[PATCH] D54498: AbstractCallSite -- A unified interface for (in)direct and callback calls

Johannes Doerfert via Phabricator via llvm-commits llvm-commits at lists.llvm.org
Fri Dec 21 12:57:08 PST 2018


jdoerfert marked 2 inline comments as done.
jdoerfert added a comment.

In D54498#1339322 <https://reviews.llvm.org/D54498#1339322>, @hfinkel wrote:

> > A high level strategy comment. I think you're trying to go a bit too far in one patch. I'd advise first writing a patch which does nothing but implement the IPConstProp adjustments "the hard way" (i.e. without the AbstractCallSite) and focus on defining the metadata with the semantics you once. To really justify the complexity of the abstraction, you need more than one user. You could add another user to this patch, but doing so will just slow down the review. Separating this into a series of patches (IPConstProp w/metadata def, second user, then introduce abstraction) will make it much easier to see the necessity and make each piece more easily reviewable.
>
> Splitting the patch and providing multiple use cases does not necessarily require rewriting the IPConstProp without the abstraction. This can be split into multiple (dependent) patches and other dependent patches can also be posted showing other use cases.
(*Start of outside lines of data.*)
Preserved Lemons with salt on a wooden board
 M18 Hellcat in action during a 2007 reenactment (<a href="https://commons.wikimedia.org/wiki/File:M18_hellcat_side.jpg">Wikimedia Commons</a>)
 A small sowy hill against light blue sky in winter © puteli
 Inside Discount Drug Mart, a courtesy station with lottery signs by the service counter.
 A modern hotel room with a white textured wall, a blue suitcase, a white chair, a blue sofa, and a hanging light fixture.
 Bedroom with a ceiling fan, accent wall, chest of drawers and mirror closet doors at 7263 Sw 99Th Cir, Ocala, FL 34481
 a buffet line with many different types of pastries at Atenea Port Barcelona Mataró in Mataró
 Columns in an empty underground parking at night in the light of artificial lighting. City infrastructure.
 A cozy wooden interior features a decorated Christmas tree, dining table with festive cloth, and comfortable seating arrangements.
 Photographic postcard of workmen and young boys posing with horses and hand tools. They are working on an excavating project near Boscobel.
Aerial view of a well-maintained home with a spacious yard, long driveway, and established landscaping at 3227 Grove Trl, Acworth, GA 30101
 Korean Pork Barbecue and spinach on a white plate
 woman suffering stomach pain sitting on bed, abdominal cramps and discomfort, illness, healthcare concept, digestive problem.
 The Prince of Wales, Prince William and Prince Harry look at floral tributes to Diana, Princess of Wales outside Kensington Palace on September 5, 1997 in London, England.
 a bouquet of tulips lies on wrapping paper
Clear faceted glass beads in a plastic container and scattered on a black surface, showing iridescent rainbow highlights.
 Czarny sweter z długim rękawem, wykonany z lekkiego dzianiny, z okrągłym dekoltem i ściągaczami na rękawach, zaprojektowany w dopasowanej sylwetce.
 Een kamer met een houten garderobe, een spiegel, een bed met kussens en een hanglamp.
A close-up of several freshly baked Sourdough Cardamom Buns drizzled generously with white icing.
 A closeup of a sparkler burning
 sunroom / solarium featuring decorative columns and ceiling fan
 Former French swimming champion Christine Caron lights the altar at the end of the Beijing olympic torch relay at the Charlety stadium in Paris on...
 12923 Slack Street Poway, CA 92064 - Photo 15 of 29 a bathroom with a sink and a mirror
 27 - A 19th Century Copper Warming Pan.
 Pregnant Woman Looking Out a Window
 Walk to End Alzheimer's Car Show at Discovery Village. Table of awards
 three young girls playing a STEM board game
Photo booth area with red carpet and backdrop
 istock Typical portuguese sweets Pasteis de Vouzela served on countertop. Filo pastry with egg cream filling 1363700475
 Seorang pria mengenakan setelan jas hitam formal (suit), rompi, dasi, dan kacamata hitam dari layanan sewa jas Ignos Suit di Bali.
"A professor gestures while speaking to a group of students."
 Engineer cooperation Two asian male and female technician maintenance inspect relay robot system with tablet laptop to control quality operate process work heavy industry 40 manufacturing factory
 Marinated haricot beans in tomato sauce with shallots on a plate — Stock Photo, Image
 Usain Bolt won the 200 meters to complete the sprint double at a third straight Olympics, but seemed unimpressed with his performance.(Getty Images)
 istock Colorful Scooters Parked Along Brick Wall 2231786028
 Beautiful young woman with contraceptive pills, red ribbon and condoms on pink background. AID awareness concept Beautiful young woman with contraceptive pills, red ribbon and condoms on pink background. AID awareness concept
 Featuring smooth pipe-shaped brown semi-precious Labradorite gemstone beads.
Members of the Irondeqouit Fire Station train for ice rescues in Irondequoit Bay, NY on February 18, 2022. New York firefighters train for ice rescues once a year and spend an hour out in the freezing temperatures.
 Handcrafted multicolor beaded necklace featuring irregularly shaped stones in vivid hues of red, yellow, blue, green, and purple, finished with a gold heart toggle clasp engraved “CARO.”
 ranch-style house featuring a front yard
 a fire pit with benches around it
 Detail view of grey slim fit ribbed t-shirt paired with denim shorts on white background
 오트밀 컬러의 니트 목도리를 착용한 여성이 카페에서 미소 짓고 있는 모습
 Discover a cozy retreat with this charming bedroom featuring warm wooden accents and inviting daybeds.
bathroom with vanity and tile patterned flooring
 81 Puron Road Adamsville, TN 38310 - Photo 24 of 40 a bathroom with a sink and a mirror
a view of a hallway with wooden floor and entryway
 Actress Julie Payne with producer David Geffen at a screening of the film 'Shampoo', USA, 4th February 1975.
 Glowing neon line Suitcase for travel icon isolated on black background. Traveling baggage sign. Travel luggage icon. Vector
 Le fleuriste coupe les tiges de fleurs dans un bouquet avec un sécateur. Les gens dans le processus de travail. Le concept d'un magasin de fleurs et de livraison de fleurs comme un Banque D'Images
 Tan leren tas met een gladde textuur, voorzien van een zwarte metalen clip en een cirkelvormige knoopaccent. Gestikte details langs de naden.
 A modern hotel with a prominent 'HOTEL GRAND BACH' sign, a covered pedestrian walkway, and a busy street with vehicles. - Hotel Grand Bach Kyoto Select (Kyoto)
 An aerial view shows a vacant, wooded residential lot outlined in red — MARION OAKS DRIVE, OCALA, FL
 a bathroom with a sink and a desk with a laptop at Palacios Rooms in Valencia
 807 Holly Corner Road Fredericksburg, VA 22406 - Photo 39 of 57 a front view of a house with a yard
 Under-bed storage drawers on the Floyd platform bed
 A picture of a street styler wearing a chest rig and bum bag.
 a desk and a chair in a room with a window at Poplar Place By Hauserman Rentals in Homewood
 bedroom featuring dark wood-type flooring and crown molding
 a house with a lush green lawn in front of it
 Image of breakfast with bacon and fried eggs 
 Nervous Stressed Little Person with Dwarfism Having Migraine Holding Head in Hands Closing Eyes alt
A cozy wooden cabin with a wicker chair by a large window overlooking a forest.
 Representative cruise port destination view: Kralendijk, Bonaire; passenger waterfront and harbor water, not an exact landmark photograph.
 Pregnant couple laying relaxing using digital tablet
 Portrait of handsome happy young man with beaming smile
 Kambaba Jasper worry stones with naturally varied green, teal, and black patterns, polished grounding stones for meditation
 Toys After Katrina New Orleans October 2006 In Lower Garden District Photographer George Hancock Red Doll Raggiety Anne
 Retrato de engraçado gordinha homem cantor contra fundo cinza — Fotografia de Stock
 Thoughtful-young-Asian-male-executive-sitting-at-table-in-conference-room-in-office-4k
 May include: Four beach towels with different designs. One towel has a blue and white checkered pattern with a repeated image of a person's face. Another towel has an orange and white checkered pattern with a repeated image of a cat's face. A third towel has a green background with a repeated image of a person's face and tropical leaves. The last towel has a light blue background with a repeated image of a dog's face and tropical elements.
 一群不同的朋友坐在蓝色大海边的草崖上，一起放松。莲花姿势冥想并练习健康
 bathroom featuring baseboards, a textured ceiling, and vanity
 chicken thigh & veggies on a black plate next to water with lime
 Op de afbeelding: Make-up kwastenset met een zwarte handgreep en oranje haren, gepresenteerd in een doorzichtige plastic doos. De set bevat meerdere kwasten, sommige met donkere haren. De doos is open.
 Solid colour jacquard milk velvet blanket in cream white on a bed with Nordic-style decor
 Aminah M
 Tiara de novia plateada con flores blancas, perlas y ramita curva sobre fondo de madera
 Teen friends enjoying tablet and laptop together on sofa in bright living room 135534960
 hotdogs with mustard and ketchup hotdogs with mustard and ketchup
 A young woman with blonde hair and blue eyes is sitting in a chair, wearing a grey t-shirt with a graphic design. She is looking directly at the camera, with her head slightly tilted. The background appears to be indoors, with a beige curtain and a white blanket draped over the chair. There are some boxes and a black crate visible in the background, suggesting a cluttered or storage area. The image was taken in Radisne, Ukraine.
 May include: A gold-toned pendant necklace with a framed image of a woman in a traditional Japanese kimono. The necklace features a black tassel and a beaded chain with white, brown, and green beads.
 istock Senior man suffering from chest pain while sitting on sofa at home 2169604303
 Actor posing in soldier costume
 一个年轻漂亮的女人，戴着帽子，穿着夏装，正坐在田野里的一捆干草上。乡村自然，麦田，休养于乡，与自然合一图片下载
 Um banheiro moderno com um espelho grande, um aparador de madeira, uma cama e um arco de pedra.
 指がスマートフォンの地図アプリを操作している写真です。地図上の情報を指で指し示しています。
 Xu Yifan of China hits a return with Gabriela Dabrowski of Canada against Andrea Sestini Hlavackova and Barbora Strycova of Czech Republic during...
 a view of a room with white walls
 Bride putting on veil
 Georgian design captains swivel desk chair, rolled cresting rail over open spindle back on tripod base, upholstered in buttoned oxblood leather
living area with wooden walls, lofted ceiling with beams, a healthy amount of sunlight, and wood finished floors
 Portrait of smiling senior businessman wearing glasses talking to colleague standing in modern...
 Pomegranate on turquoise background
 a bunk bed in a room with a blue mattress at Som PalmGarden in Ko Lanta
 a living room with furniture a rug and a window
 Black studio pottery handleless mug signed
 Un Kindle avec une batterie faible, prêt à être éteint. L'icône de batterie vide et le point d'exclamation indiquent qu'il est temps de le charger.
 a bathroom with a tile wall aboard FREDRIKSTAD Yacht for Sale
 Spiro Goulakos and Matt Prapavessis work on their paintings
I can certainly split this into more patches if that is preferred. I'm unsure though how to test the metadata and abstract call sites without a user.



================
Comment at: docs/LangRef.rst:5072
+
+``callback`` metadata may be attached to function definitions and declarations.
+The metadata specifies a callback callee and the callback arguments. If
----------------
reames wrote:
> A common theme running through this review is the use of the terms "callback" and "broker".  In the documentation, you need to find a convenient place to describe these two, given an example, and otherwise explain the concepts to the reader.  I struggled at first with even your patch description in being not quite sure what you meant by each.  You have some of this inlined into the semantic description, but I think you'd do well to introduce the concepts separately from the semantic description.  
> 
> I don't see any reason to exclude metadata on call sites. 
> 
> p.s. I think we'll likely end up changing these, but I'll treat the names as placeholders for the moment.  
> A common theme running through this review is the use of the terms "callback" and "broker". In the documentation, you need to find a convenient place to describe these two, given an example, and otherwise explain the concepts to the reader 

I thought I did that in the commit message and in the documentation/examples below.


> I think you'd do well to introduce the concepts separately from the semantic description.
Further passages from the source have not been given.